As usual, the answer to a headline is no.

Transportation is not something I trust to private entities without major
government oversight. And in general, even with that oversight private
entities primarily look to make a profit, which the government isn't as
concerned about (e.g. the city of Townsville isn't concerned with shareholders
like Megacorp Inc. is). I think public-private partnerships work well -- see
Japan's JR, Korea's Korail -- but completely privatized transportation would
be a detriment to society because the priorities of profit vs need would be
skewed.

For example, I can imagine a future where "private" transit (the private
version of public transit) is ordered by phone, but will only pick you up if
enough people want it in a specific area.
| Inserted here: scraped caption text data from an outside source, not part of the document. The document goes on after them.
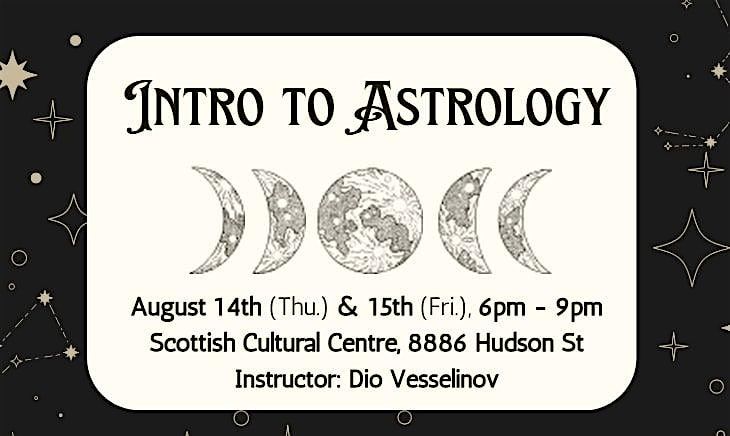 Intro to Astrology  workshop-Unlock Your Cosmic Blueprint! | Event in Vancouver | AllEvents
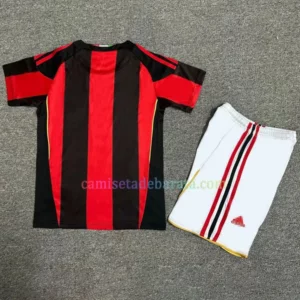 Camiseta Milan 1ª Equipación 2010/11 Niños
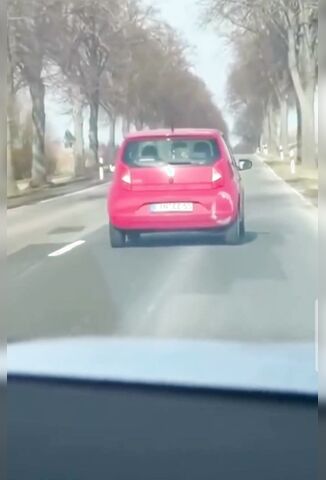 Drunk Driver Crosses Lanes Wipes Out Scooter Rider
This kind of thing happens a lot:
look at how many bus stops are passed by later at night in SF. I can also
imagine that if public transit became private, some bus lines would stop
running at certain times because it's less profitable, because profit is a
major concern in a company.

I also don't like the idea that transportation isn't essential and therefore
should be given to private companies, as alluded to in this article: "Rather
than spending millions to operate multiple transit lines and modes—while
losing money—the government can spend less and leave the headaches of running
those systems to someone else. It can use the savings to pay for other,
essential, government services." For many people, transportation is an
essential service, one stop removed from the base needs such as food and
shelter. I'm maybe being a little pedantic about the wording, but I would
argue that transportation is essential, albeit less essential than something
like running water.

It's easy to forget that a lot of the services that exist in SF around
transportation are heavily VC funded, and are running in the red most of the
time (look at Lyft, Uber). This lulls us into a false sense of security
thinking that, "this is cheap, it will stay cheap forever." Most of these
services are subsidized by VC money and when that money starts to dwindle and
profit becomes a bigger concern, prices will go up and the equation isn't as
simple as it might seem now.